Taking a Leave of Absence - USERRA
When taking a leave of absence to serve in the military, it is important to understand the resources available to you when you’re away from work and your requirements for benefit premium that may be payable.
- Notify your employer
Let your employer know when you will be taking a leave and when you expect to return to work. Ask about eligibility for a leave, the procedures and benefit-related policies.
- Verify eligibility
Your employer should have rules regarding continuing coverage during a military leave. You may be able to continue your benefits if the leave will be less than 31 days. The rules may differ for longer military leaves.
- Review Health Savings Account (HSA) contributions
If you’re enrolled in an IRS-qualified High-Deductible Health Plan (HDHP) and an HSA, you are generally permitted to make changes to your HSA contribution/payroll deduction at least one time each month. HSA funds can be used to pay for qualified medical, dental and vision care expenses for your tax dependents, if those expenses are not otherwise paid for by insurance.
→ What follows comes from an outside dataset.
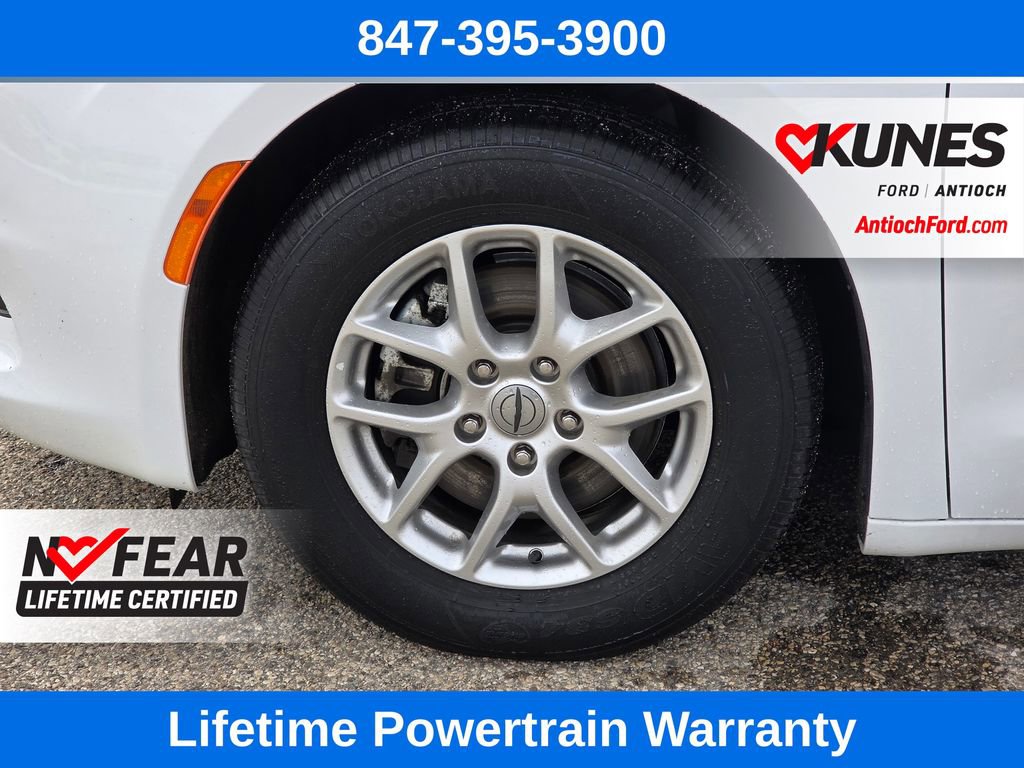 Used 2023 Chrysler Voyager LX image 12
If payroll deductions for your HSA are not an option while on a Leave of Absence and you remain enrolled in an HDHP during your leave, you may make post-tax deposits to your HSA. In addition, you can continue to access funds accumulated in your HSA. Check with your employer to confirm the rules and requirements specific to HSAs. Consult with your tax advisor to learn how to report post-tax deposits made to your HSA.
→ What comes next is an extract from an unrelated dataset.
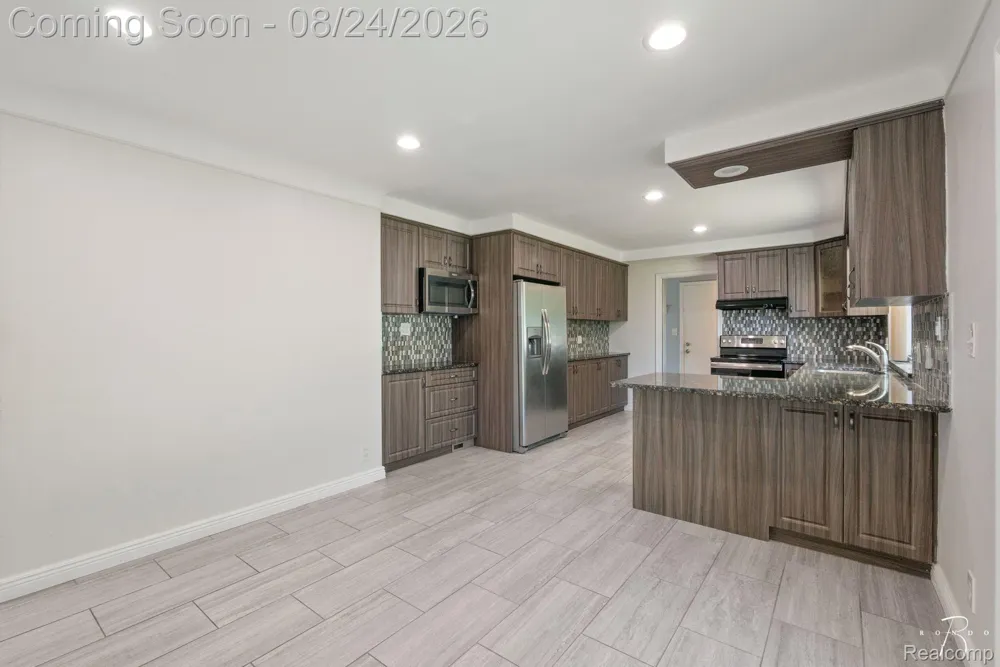 1160 Torrey Road Grosse Pointe Woods City, MI 48236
- Review life insurance coverage
Ask your employer if you can continue your life insurance, accidental death and dismemberment (AD&D) insurance or disability insurance, or if you can convert or port coverage to an individual policy at your own expense.
- Review your retirement accounts
Review your plan rules and check your vesting status.
- Update your Records
Contact Human Resources to change your name or address, emergency contact information and tax withholding, and other basic information.